───── Data below
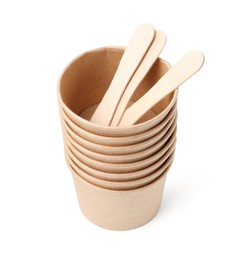 Photo of Set of disposable cups and wooden sticks isolated on white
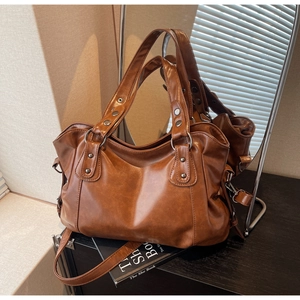 Close-up of vintage brown PU leather tote bag with metallic rivet details and adjustable strap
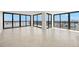 Bright, open living room with tile floors and multiple glass doors with expansive water views at 9425 Blind Pass Rd # 1008, St Pete Beach, FL 33706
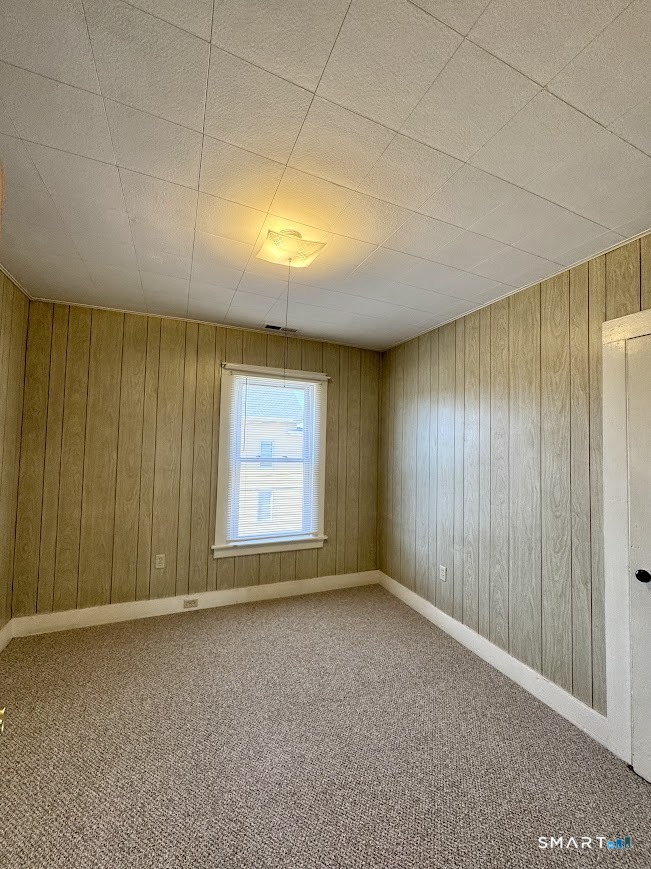 254 Ward Street, Unit 2 Wallingford, CT 06492 - Photo 15 of 28 an empty room with a empty space and windows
──────────
■ Assigned task
Go through the material and set it down again exactly, but without any pictures.

■ Task result
 Photo of Set of disposable cups and wooden sticks isolated on white
 Close-up of vintage brown PU leather tote bag with metallic rivet details and adjustable strap
 Bright, open living room with tile floors and multiple glass doors with expansive water views at 9425 Blind Pass Rd # 1008, St Pete Beach, FL 33706
 254 Ward Street, Unit 2 Wallingford, CT 06492 - Photo 15 of 28 an empty room with a empty space and windows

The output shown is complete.